Aryo yang sudah emosi akhirnya kembali membanting ponselnya itu ke lantai.
[Hallo, Hallo?!]
Prita pun akhirnya berpikir pasti Aryo kembali membanting ponselnya hingga rusak. Ini bukan kali pertama Aryo menghancurkan ponselnya.
"Keterlaluan. Pasti dia membanting ponselnya lagi," gerutu Prita.
"Aryo, jangan kamu pikir bisa meninggalkan aku begitu saja dan kembali dengan mantan pacar kamu itu. Kita nggak akan bercerai. Dan aku akan mencari tahu siapa perempuan itu. Aku pasti mendapatkan jawabannya. Kita lihat saja nanti," gumam Prita dengan sorotan mata bengis penuh amarah.
****
Sabrina hanya mampu memasrahkan semua ujian ini pada Rabb-Nya. Pagi ini, Sabrina seperti biasa melakukan salat duha di dalam kamarnya. Memohon pertolongan Rabb-Nya. Ia tahu, tidak ada yang mustahil jika Allah sudah berkehendak.
Sabrina pun berdoa,ia bermunajat pada Rabb-Nya.
"Ya Allah, hamba pasrahkan semuanya padamu. Dengan segala ketidakberdayaan hamba. Hamba memohon kepadamu, berikanlah hamba kesempatan untuk mengandung keturunan. Anak yang bisa menjadi kebanggaan untuk suami hamba. Hamba mohon kepadamu ya Allah. Jauhkanlah kami dari cobaan perceraian. Hamba memohon kepadamu ya Allah, kabulkan lah doa hamba.Aamiin Ya Robbal aalamiin."
Doni pun masuk ke dalam kamar ketika ia melihat istrinya itu sudah selesai menunaikan salatnya.
"Sayang, aku punya sesuatu buat kamu di depan. Kita ke depan ya?" ajak Doni.
"Ada apa sih, Sayang?" tanya Sabrina penasaran.
"Pokoknya surprise buat kamu," kata Doni semakin membuat istrinya itu penasaran.
"Ya udah. Aku pakai hijab dulu ya," ujar Sabrina.
Doni pun jalan lebih dulu. Menunggu istrinya itu di meja makan. Hingga akhirnya Sabrina pun melihat surprise yang disiapkan suaminya di meja makan itu.

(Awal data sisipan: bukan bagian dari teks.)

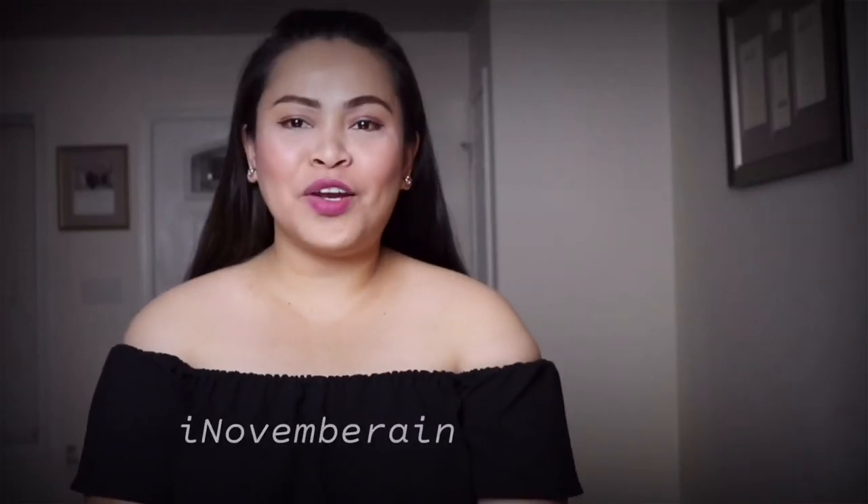Hi everyone, it's iNovembrain and welcome back to my YouTube channel. If you're new to this channel, please don't forget to subscribe and hit that notification bell so you get notified every time I post a new video.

"Ya Allah, Sayang, kamu buatin aku sarapan? Seharusnya kan aku yang buatin sarapan buat kamu," ujar Sabrina.
Sabrina pun kaget tak percaya jika suaminya membuatkan sarapan spesial untuknya. Padahal seharusnya ia sebagai istri yang harus menyiapkan sarapan.
"Udah, sesekali aku yang buatin. Dokter kan juga bilang kamu harus banyak istirahat dan makanan yang sehat dan vitamin," ujar Doni memberikan perhatian kecil pada istrinya itu.

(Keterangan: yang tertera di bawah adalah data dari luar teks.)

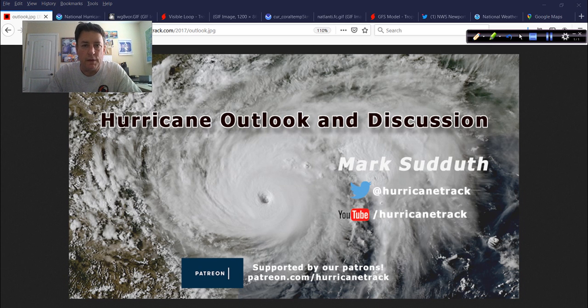Good afternoon. Mark Satteth, HurricaneTrack.com here with your Hurricane Outlook and discussion talking about Tropical Storm Arthur, the first named storm of the 2020 hurricane season.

"Nih, kamu paling suka kan sop? Aku suapin ya. Kamu baca doa dulu," pinta Doni.
Doni pun menyuapi istrinya itu. Sabrina pun merasa bahagia. Ditengah ketetapan ujian Allah padanya, suaminya masih sangat peduli padanya.

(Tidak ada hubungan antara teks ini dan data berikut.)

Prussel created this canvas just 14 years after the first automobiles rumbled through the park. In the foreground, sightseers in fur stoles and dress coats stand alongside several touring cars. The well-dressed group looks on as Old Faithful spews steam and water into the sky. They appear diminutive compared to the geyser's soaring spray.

"Makasih ya, Mas. Emangnya kamu masih percaya kalau aku bisa memberikan kamu keturunan? Sedang kata dokter kan ...."
Doni pun menyela
"Nggak ada yang tidak mungkin. Kita hanya perlu ikhtiar, berdoa. Aku yakin, suatu saat kamu pasti bisa hamil lagi dan memberikan keturunan. Kalaupun tidak, aku akan tetap mencintai kamu," ujar Doni mengenggam tangan istrinya itu.
"Makasih ya, Mas, Kamu sudah mau mencintaiku dengan tulus," puji Sabrina.
Ia bersyukur memiliki suami seperti Doni yang sangat mencintainya.
Dari lantai atas, Prita melihat kemesraan adik dan iparnya itu dengan tatapan sinis. Sejak lama, ia memang sangat membenci Sabrina.
"Bunda, Bunda," panggil Prita saat melihat Bundanya itu keluar kamar.
"Bun, coba deh lihat. Pagi-pagi sudah mesra dan manja-manjaan. Pakai dibuatin sarapan segala. Disuapin lagi," kata Prita sinis.
"Ya udahlah," jawab Bunda Sania cuek tak perduli.
"Apa nggak terlalu berlebihan ya, Bun? Untuk ukuran istri mandul kayak si Sabrina itu?" ucap sinis Prita.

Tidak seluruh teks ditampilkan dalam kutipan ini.